Wallenfels: Man muss ein solches Verfahren immer ernst nehmen, darf es aber auch nicht überbewerten. Schließlich hat der EuGH bereits mehrfach die Zulässigkeit von Preisbindungsgesetzen bestätigt. Auch muss man ganz klar sehen, dass das Verfahren im Wesentlichen eine Besonderheit des österreichischen Buchpreisbindungsgesetzes betrifft. Es geht zunächst um die Verpflichtung der Importeure, die Preise für deutschsprachige Bücher in Österreich zu binden und dabei im Regelfall die deutschen Ladenpreise nicht zu unterschreiten. Diese Importproblematik stellt sich naturgemäß in Deutschland nicht.

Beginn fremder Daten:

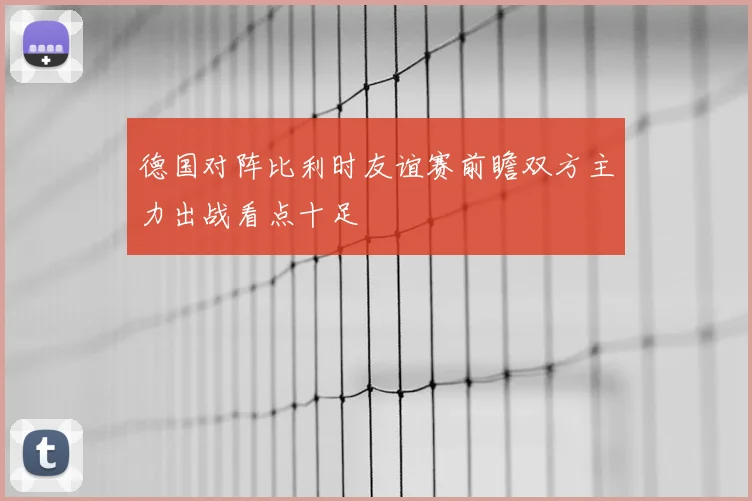 德国对阵比利时友谊赛前瞻双方主力出战看点十足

Haben die Wiener Richter einen Denkfehler im Gesetz entdeckt?
Wallenfels: Nein, ich finde die Argumentation eher verwunderlich. Die Richter halten es für möglich, dass die Mindestpreisbindung eine diskriminierende Sonderregelung für Waren aus einem bestimmten Mitgliedsstaat ist. Französischsprachige Bücher etwa könnten ja zu freien Preisen importiert und verkauft werden. Aber diese Verpflichtung ist schließlich im ureigensten Interesse der deutschen Verlage, die sich bestimmt nicht diskriminiert sehen.
Ihre Prognose für das EuGH-Urteil?
Wallenfels: Ich kann und will dem EuGH nicht vorgreifen, aber das österreichische Preisbindungsgesetz ist ebenso wie das deutsche der französischen Regelung nachgebildet. Diese »Loi Lang« gibt es seit 1981. Sie hat in der europäischen Rechtsprechung unangefochten Bestand. Der EuGH hat das Recht der EU-Staaten zur nationalen Kulturpolitik auch in Form solcher Preisbindungsgesetze ausdrücklich und mehrfach bekräftigt. Auch nach französischem Recht sind die Importeure zu Preisfestsetzungen für nach Frankreich importierte Bücher verpflichtet. Das österreichische wie das deutsche Gesetz sind im Grunde weniger strikt, da sie diese Verpflichtung auf deutschsprachige Bücher beschränken.
Der österreichische Gerichtshof wirft dem Gesetz letztlich vor, nur eine Verlängerung des früheren Sammelreverses zu sein ...
Wallenfels: Dem Gericht war vielleicht nicht bekannt, dass die Europäische Kommission nach zehn Jahren heftigen Streites den Sammelrevers in der zuletzt geltenden Fassung mit Schreiben vom 17. April 2002 für EU-rechtskonform erklärt hat.
Bis zum Urteil werden wohl zwei Jahre vergehen. Muss die Branche jetzt besondere Disziplin zeigen?
Wallenfels: Ganz sicher. Denn natürlich hat das Verfahren einen psychologischen Effekt, nicht zuletzt nach dem Fall der Preisbindung in der Schweiz. Wie man sieht, ist die Preisbindung ein fragiles Gut, mit dem sensibel und diszipliniert umgegangen werden muss. Wer sich nicht an die Regeln hält, spielt den Gegnern in die Hände.